Woodcrafters is also offering 10% on Saturday, March 3rd.


----------



## trodery (Sep 13, 2006)

MAN! What a deal! To bad my wife is on her way over to Rockler to pick me up some stuff right now. When I bougth the bandsaw the other day they did not have the riser kit in stock, it came in today BUT Woodcraft had that riser kit for $20 cheaper so they are matching that price... I guess that is better than 15% off.


----------



## Slip (Jul 25, 2006)

Dang, like said earlier, Woodcraft is having 10% off Saturday and would have been a good time to get it or get a match from Rockler with 10% off also. Oh well, can't wait on everything. Much more to buy anyway, so go and buy more stuff. It is never ending now that you are hooked. Just can't get enough.


----------



## HStewart (May 20, 2005)

Woodcrafters also told me I could get 10% off in March because it is my birthday. So, if your birthday is in March, ask them. I go to my first class in the morning, so getting ready. Already bought some tools from ebay.


----------



## Hooked (Oct 15, 2004)

Got the same email Brew. May call for a drive up there in the morning except I want tools.....


----------



## Bobby (May 21, 2004)

Ok where is Rockler at in Houston. I tried to find it on my nav system today and it only showed one in Dallas and Arlington. None in Houston.


----------



## Brew (May 21, 2004)

59 & Weslyan on the north bound feeder
3265 SW Freeway
Houston, Tx 77027
713-622-6567


----------



## Bobby (May 21, 2004)

If I have any money left after taking the wife to Sams I am going to try and make it there to see if there is anything there that I can't live without.

I am going to try to be there about 3pm. if anyone wants to meet there.


----------



## Hooked (Oct 15, 2004)

Bobby, I take I45 to 59 south then exit either Buffalo Speedway or the one after it (can't recall the street name rat now). Make a uturn under the freeway at the street after BS and you'll see Rockler in a strip shopping center (about the middle) on the feeder. 
Here's a link to their map -- http://maps.yahoo.com/py/maps.py?&addr=3265 Southwest Freeway&csz= Houston, TX 77027


----------



## Bobby (May 21, 2004)

I found it ok today just got home.

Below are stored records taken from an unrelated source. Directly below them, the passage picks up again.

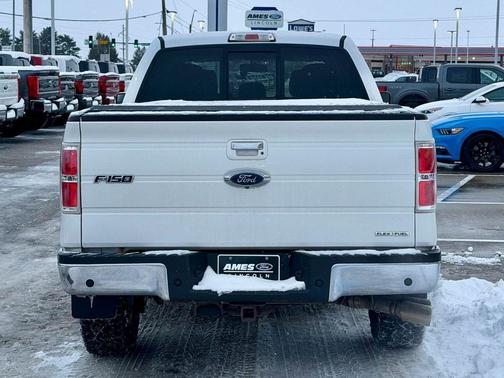 2014 Ford F-150 Lariat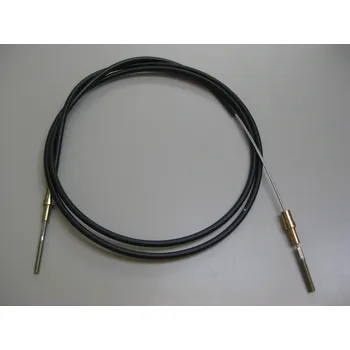 Auto zrcátko lanko táhla brzdy 03-01-04, Multicar M26 lanko táhla brzdy 03-01-04, Multicar M26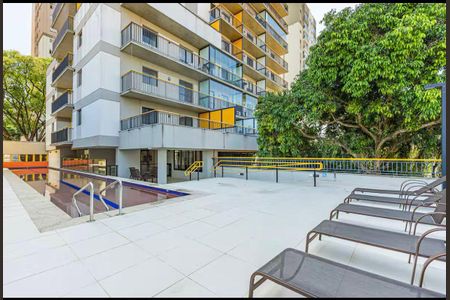 Apartamento para alugar com 51m², 2 quartos e 1 vagaÁrea comum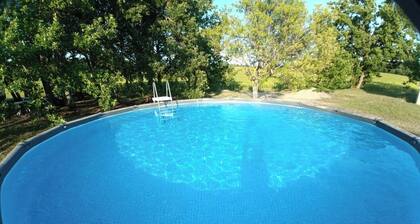 Le Gite du Combal - Maison de campagne au coeur des vignobles du Tarn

I saw at least 5 wrecks today. I think I need to stay out of Houston. I couldn't believe the backup at the ferry 2 hours of waiting.


----------



## trodery (Sep 13, 2006)

Bobby said:


> I found it ok today just got home. I saw at least 5 wrecks today. I think I need to stay out of Houston. I couldn't believe the backup at the ferry 2 hours of waiting.


What did you find to buy?


----------



## Bobby (May 21, 2004)

I didn't find anything I couldn't live without. My wife did find some pen blanks she liked so she got some of those so I could make her a pen just for her. I went by Jims(Galvbay) house and got him to regrind a couple of tools for me. He also gave me a couple of bowl blanks. I sure hope I don't mess them up.
I will work on them tomorrow if I get a chance.


----------